Head of Equity Research Bahana Sekuritas, Putera Satria Sambijantoro memperkirakan suku bunga BI akan dipangkas sebesar 25 bps pada Rabu ini menjadi 6,0%, diikuti dengan pelonggaran kebijakan kumulatif sebesar 50 bps pada kuartal keempat 2024 untuk membawa suku bunga BI menjadi 5,5% pada akhir tahun.
Sebagai catatan, terakhir kali BI memangkas suku bunga adalah pada Januari 2021 dari 3,75% menjadi 3,50%.
“Kami berpendapat bahwa BI memiliki ruang untuk melonggarkan kebijakan karena beberapa faktor: penurunan harga minyak, deflasi domestik, data global yang lemah khususnya dari China, dan (yang paling penting) potensi kejutan dovish dari Fed AS,” ujar Satria dalam analisanya.
Satria menilai bahwa harga minyak anjlok dengan signifikan sejak pertemuan moneter BI terakhir pada Agustus 2024. Selain itu, deflasi empat bulan beruntun (month to month/mtm) dari Mei-Agustus 2024 disebabkan karena penurunan harga pangan yang akan menekan inflasi tahunan.

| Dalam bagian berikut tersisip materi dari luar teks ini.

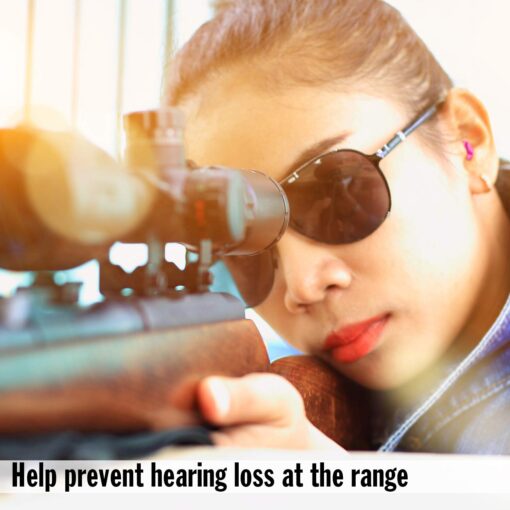 Shooters For Her Soft Foam Ear Plugs - Image 5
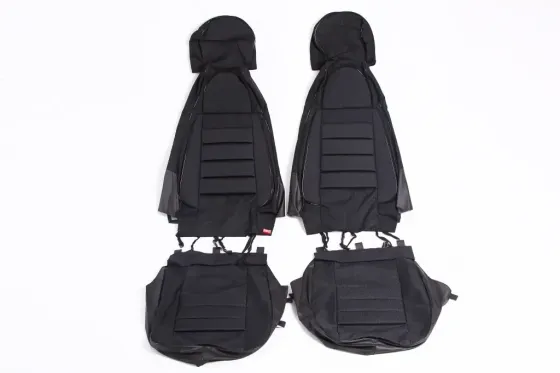 Чихли на сидіннях 2109 Avto-fortuna Пілот з паралоном чорні (2115) Вінниця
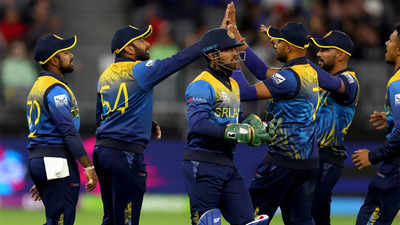 Sri Lanka T20 World Cup 2022 review: Casinos, fake prophet marred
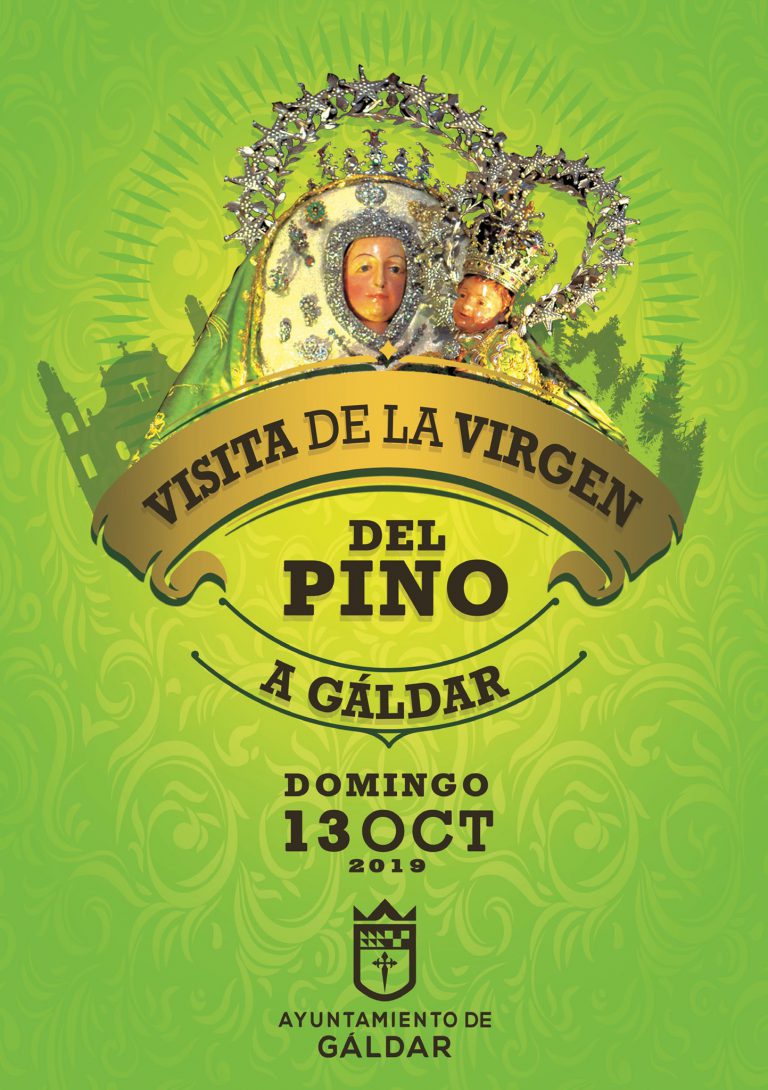 Gáldar presenta el programa de actos para conmemorar la histórica visita de la Virgen del Pino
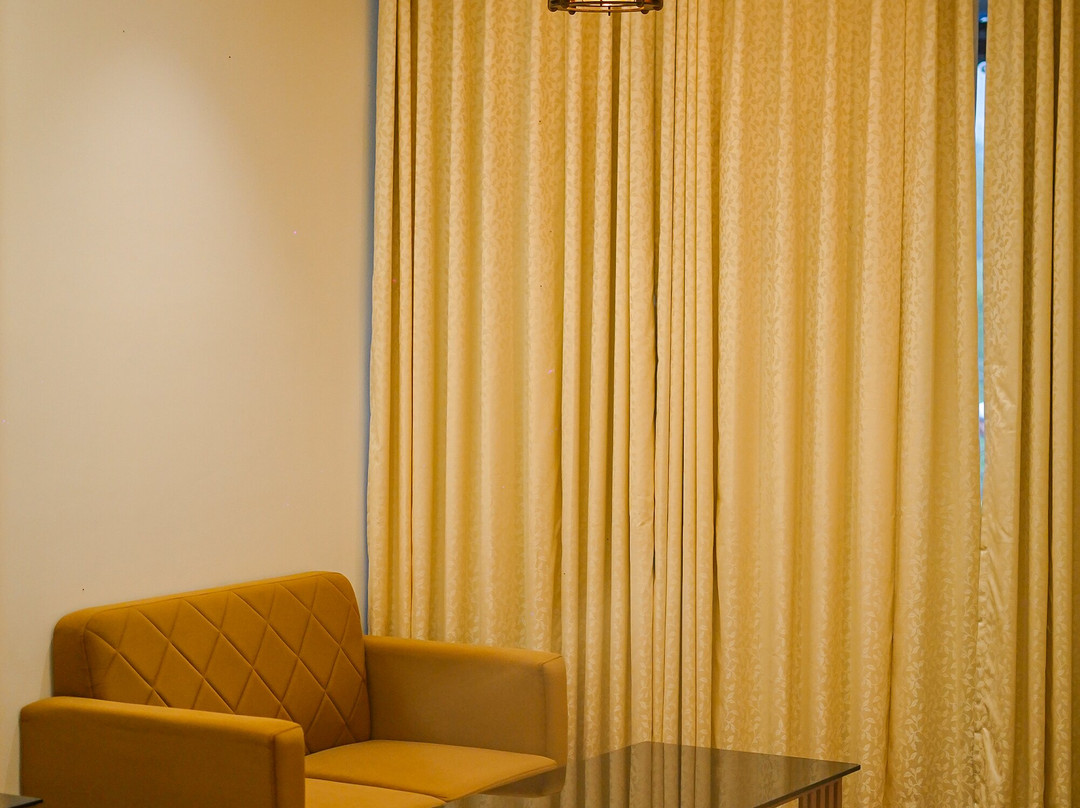 苏黎世度假村主图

Merujuk data Refinitiv, harga minyak brent ambruk 5,7% dalam sebulan terakhir sepanjang September ini dan menurun 1,52% pada Agustus 2024.
Untuk diketahui, inflasi Indonesia secara tahunan telah berada di level 3% sejak Mei 2024. Pada saat itu, inflasi sudah bergerak ke level 2,84%, dan terus konsisten turun hingga Agustus 2024 bertengger di level 2,12%. Inflasi mendekati kisaran bawah target BI di 3±1%.
Pelemahan ekonomi AS dan China yang membuat Purchasing Managers’ Index (PMI) Manufacturing terkontraksi dua bulan beruntun (Juli-Agustus) juga memerlukan respons kebijakan suku bunga.
Sejumlah analis juga memperkirakan ekonomi Indonesia akan melandai pada kuartal III tahun ini dan akan tumbuh di bawah 5%. Sejumlah indikator menunjukkan ekonomi Indonesia tengah lesu mulai dari deflasi empat bulan beruntun hingga anjloknya penjualan mobil. Dorongan kebijakan suku bunga diperlukan untuk ikut mendorong ekonomi dalam negeri.
Dengan suku bunga yang lebih rendah maka kredit diharapkan akan meningkat dan ekonomi membaik.